Marcio Pochmann é professor do Instituto de Economia e pesquisador do Centro de Estudos Sindicais e de Economia do Trabalho da Universidade Estadual de Campinas

Fotografia - por Peter Zeglis (behance.net/peterzeglis)

sábado, 23 de agosto de 2014

Fausto e o moralismo - por Luiz Gonzaga Belluzzo (CartaCapital)

O neoliberalismo é também um projeto de retorno a uma ordem alicerçada exclusivamente em fundamentos econômicos

     Fausto vendeu-se ao demônio. Para adquirir poder e dinheiro entre os mortais, hipotecou a alma pela eternidade. Tamanha era a força da sua cupidez, a fome da riqueza abstrata, que, diante dela, a eternidade parecia durar apenas um segundo.


     Vai pela casa da tonelada a quantidade de tinta gasta para deplorar o poder do dinheiro, a sua força para corromper as consciências, desfigurar as almas e os sentimentos. Contra esse poder e essa força, lançaram-se poetas, filósofos, teólogos e até os moralistas de folhetim.
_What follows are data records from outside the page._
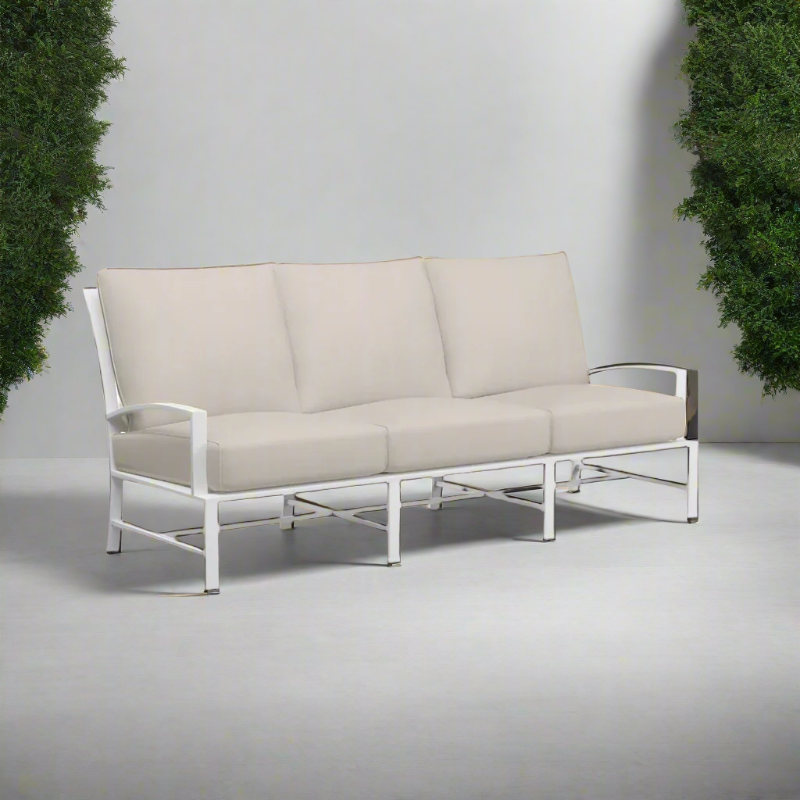 Sunset West Bristol Aluminum Outdoor Sofa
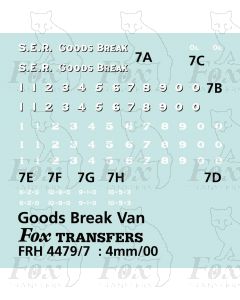 SER Goods Break Van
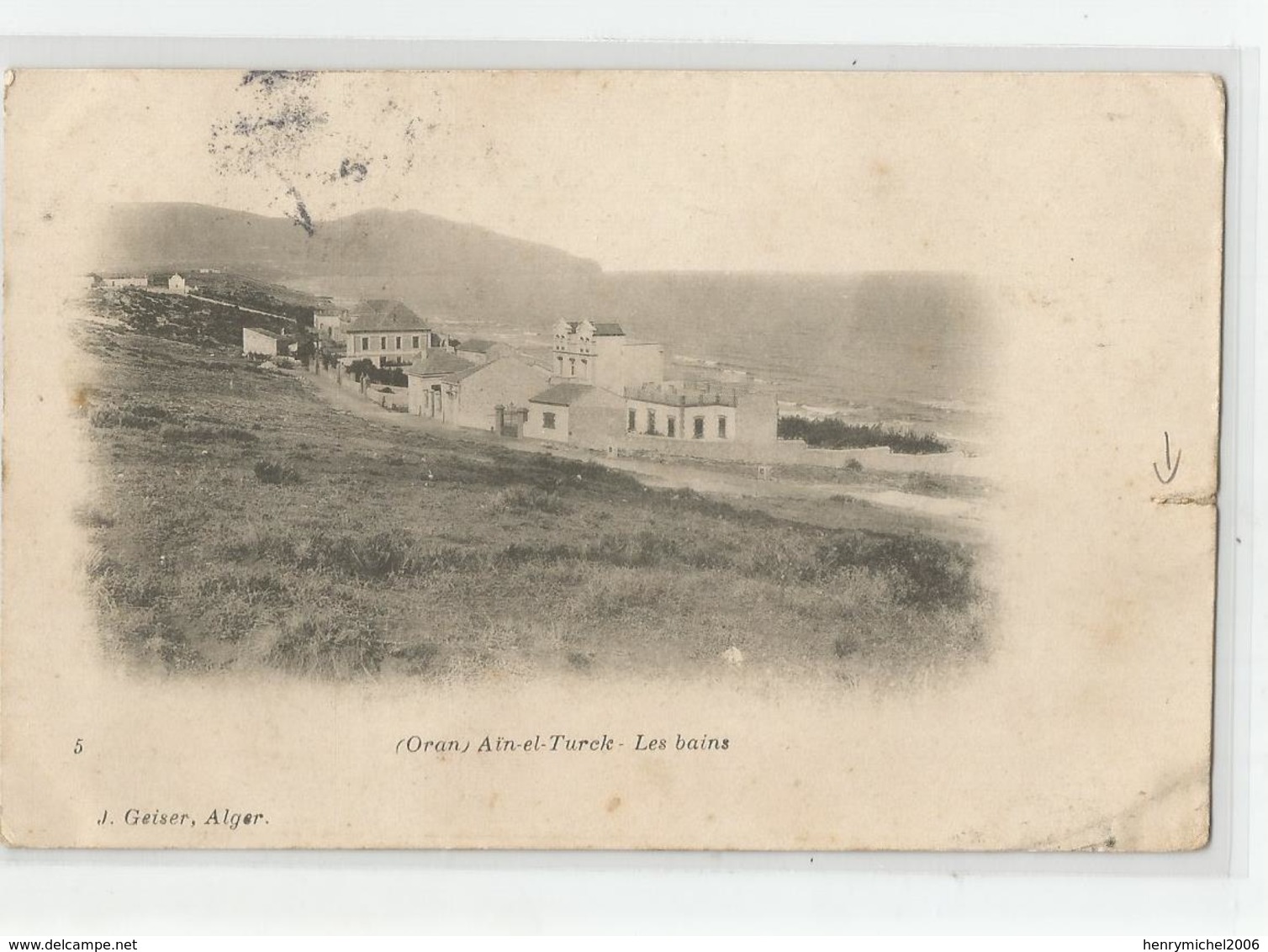 Algérie - Oran - Ain El Turck Les Bains1905  Ed Geiser Alger - Oran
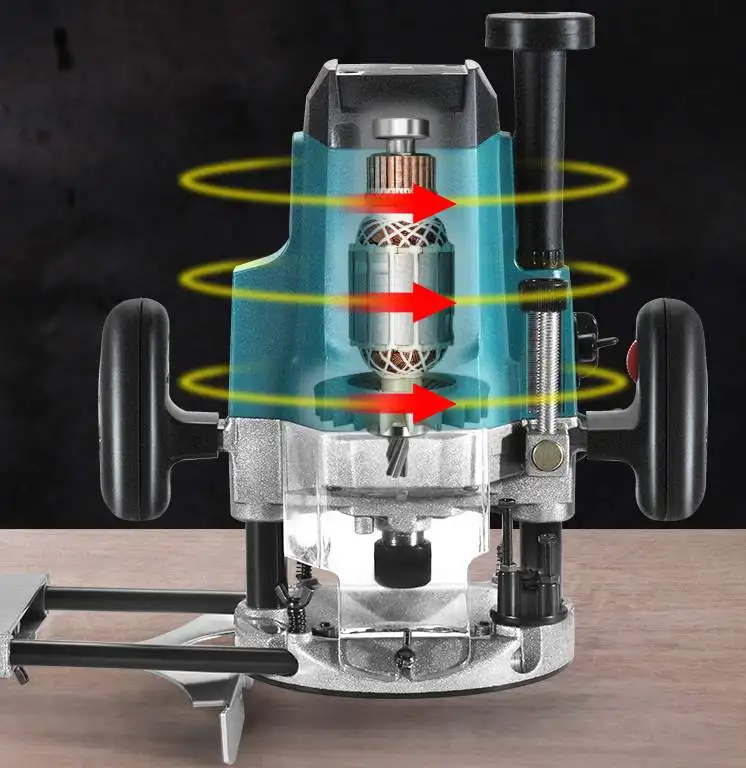 Mini wood cutter machine multi-function electric wood router milling machine 220V 1800W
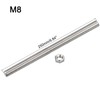 QUARKZMAN Pack of 6 M8 x 250 mm Fully Threaded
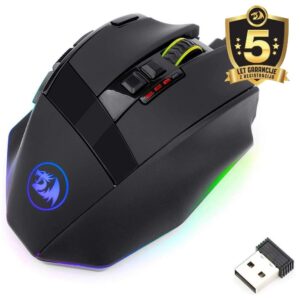REDRAGON SNIPER PRO M801P | RGB | ŽIČNA-BREZŽIČNA | Črna | Gaming MIŠKA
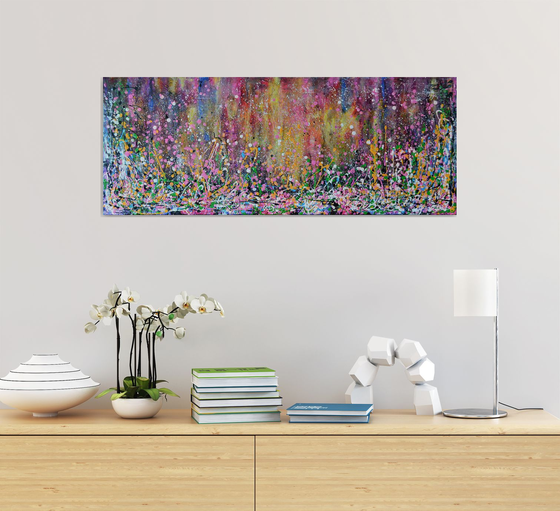 Fantasy Forest Field- Abstract Home Decor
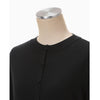 Detachable Embroidery Cuff Knitted Cardigan-black-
     George Simmel, em seu livro A Filosofia do Dinheiro, mostra que o sujeito atacado pelo amor “doentio” ao dinheiro não é uma aberração moral, mas o representante autêntico do indivíduo criado pela sociedade argentária. As qualidades dos bens e o gozo de suas utilidades tornam-se absolutamente indiferentes para ele. Suas preferências,  sentimentos,  desejos, são totalmente absorvidos pelo impulso de acumular riqueza monetária.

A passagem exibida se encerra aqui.